A. Denial of the Kastigar Hearing


Eliason challenges the district court's denial of his motion for a Kastigar hearing to determine whether immunized testimony was improperly utilized by the federal prosecutor in preparing the charges in this case. In Kastigar, the Supreme Court held that the federal immunity statute, 18 U.S.C. Sec. 6002, provides a witness protection from prosecution that "is coextensive with the scope of the privilege against self incrimination" under the Fifth Amendment. 406 U.S. at 453, 92 S.Ct. at 1661. The Court concluded that a defendant raising a claim under the federal immunity statute "need only show that he testified under a grant of immunity in order to shift to the government the heavy burden of proving that all of the evidence it proposes to use was derived from legitimate independent sources." Id. at 461-62, 92 S.Ct. at 1665; see also 18 U.S.C. Sec. 6002 ("no testimony or other information compelled under [this immunity statute] (or any information directly or indirectly derived from such testimony or other information) may be used against the witness in any criminal case, except a prosecution for perjury, [or] giving a false statement ..."). Thus, if a defendant is able to establish through relevant evidence that he gave compelled testimony in a court proceeding based upon a promise of immunity, the government must come forth with evidence that the information it purports to use against the defendant came from a source independent of the defendant's immunized testimony. Kastigar, 406 U.S. at 460-62, 92 S.Ct. at 1665.


A defendant may also be entitled to a Kastigar hearing when he provides evidence that is compelled, for example, under a threat of contempt after the witness invokes the privilege against self-incrimination.2 Testimony given under compulsion invokes a defendant's constitutional rights against self-incrimination. See Murphy v. Waterfront Commission, 378 U.S. 52, 84 S.Ct. 1594, 12 L.Ed.2d 678 (1964). In Murphy, the defendants refused to testify in hearings before the Waterfront Commission of New York Harbor on the grounds that their answers might incriminate them. Id. at 53-54, 84 S.Ct. at 1596. The defendants were granted immunity from prosecution under the laws of New Jersey and New York but they still refused to testify because they feared their answers might incriminate them under federal law. Id. They were held in contempt of court and the New Jersey Supreme Court upheld the civil contempt judgments. Id. The United States Supreme Court reversed the New Jersey Supreme Court and held that "the constitutional privilege against self-incrimination protects a state witness against incrimination under federal as well as state law and a federal witness against incrimination under state as well as federal law." Id. at 77-78, 84 S.Ct. at 1609. Thus, based on the fact the defendants invoked the privilege against self-incrimination, Murphy rejected a line of cases that held "one jurisdiction within our federal structure may compel a witness to give testimony which could be used to convict him of a crime in another jurisdiction." Id. at 77, 84 S.Ct. at 1608; see also United States v.
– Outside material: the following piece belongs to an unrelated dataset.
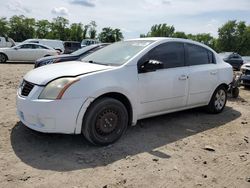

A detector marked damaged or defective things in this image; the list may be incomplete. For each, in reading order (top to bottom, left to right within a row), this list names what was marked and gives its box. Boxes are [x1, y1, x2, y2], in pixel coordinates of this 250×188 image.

exposed headlight housing [38, 76, 79, 99]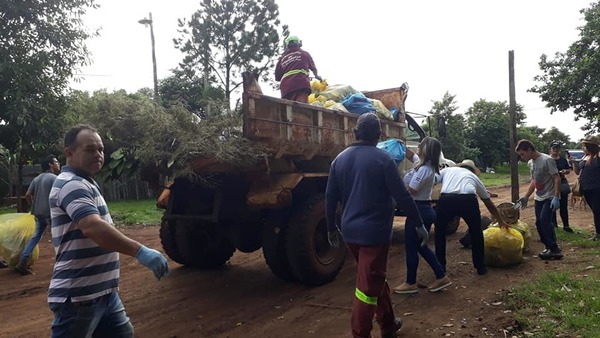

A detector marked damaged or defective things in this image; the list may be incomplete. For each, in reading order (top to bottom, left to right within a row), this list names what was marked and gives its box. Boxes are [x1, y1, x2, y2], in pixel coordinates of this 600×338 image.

rusty trailer side [244, 90, 408, 160]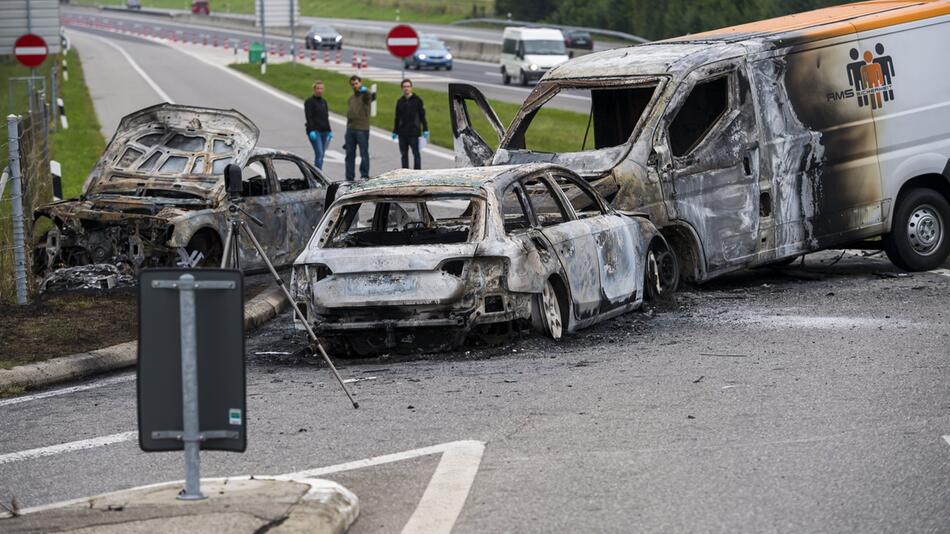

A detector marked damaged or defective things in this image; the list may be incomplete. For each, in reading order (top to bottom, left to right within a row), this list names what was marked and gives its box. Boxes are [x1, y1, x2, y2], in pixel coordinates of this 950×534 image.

Jordan, 870 F.2d 1310, 1316 (7th Cir.) (in Murphy the Supreme Court "held that one sovereign could not compel testimony which might subject the witness to prosecution by another sovereign"), cert. denied, 493 U.S. 831, 110 S.Ct. 101, 107 L.Ed.2d 65 (1989).


Compelling a suspect to give testimony is not the only source of a prosecutorial obligation to refrain from using information; such an obligation also may arise as part of an agreement under which the suspect provides information in exchange for a promise from the prosecutor not to use it against him (use immunity) or, not to prosecute at all (transactional immunity). See, e.g., United States v. Murphy, 768 F.2d 1518, 1532 (7th Cir.1985), cert. denied, 475 U.S. 1012, 106 S.Ct. 1188, 89 L.Ed.2d 304 (1986); United States v. Lyons, 670 F.2d 77, 80 (7th Cir.) ("[a]ny agreement [concerning immunity] made by the government must be scrupulously performed and kept"), cert. denied, 457 U.S. 1136, 102 S.Ct. 2965, 73 L.Ed.2d 1354 (1982). Agreements of this nature are enforced not because of the self-incrimination clause but because the due process clause requires prosecutors to scrupulously adhere to commitments made to suspects in which they induce the suspects to surrender their constitutional rights in exchange for the suspects giving evidence that the government needs against others which simultaneously implicates themselves. See, e.g., Santobello v. New York, 404 U.S. 257, 261-63, 92 S.Ct. 495, 498-99, 30 L.Ed.2d 427 (1971). Thus for Eliason to prevail in his claim, he must establish either (1) that during the state plea negotiations he provided information to the government in exchange for a prosecutorial promise not to use that information in proving additional charges against him; or (2) that he was compelled to testify by the State of Florida after he invoked his privilege against self-incrimination.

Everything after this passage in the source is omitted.